The retail chain posted a half year loss of Sh262.3 million compared to a net profit of Sh106.9 million recorded during a similar period in 2013.
Uchumi Chief Executive Jonathan Ciano attributed the performance to increased rental costs, ballooning salary expenses and reduced customer spending as shoppers kept off malls due to insecurity.
“This is due to committed rental escalations and the impact of rent for newly opened branches that have yet to mature, coupled with higher staff costs,” Mr Ciano said in a trading update.
“The adverse effects of insecurity, among other reasons, contributed to dampening of the general propensity to spend.”

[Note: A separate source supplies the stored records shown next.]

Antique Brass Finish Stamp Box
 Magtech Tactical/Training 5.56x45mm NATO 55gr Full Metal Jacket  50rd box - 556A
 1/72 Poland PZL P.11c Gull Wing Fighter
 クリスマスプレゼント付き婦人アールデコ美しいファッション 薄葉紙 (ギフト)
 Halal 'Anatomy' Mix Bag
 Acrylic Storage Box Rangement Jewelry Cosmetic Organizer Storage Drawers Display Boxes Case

Uchumi’s sales declined to Sh6.8 billion from Sh7.2 billion in December 2013, a drop of 6.3 per cent.
Operating expenses shot up by a 10th to Sh1.7 billion from Sh1.6 billion the previous year. The company’s finance costs more than doubled to Sh60 million from Sh26 million a year earlier, as Uchumi services the loans it took from banks last year.
The financial results come after Uchumi raised Sh895.8 million through a rights issue last year, an offer that was oversubscribed by 83 per cent.
Mr Ciano said the retailer is banking on the funds raised through the cash call to boost cash flow, pay suppliers in time, refurbish its existing outlets and fund growth.
“This is already starting to impact positively by freeing cash flows for working capital and we have started normalising accounts with our suppliers,” the Uchumi boss said.
The listed retailer plans to grow its network by opening 10 more branches across the region, according to Mr Ciano.
“We have continued with cautious growth in our retail networks in the region in carefully selected strategic locations geared towards reaching our customers in areas that were previously unserved by Uchumi,” said the retailer.
Uchumi is ranked Kenya’s fourth largest supermarket chain by revenue, trailing Nakumatt, Tuskys and Naivas.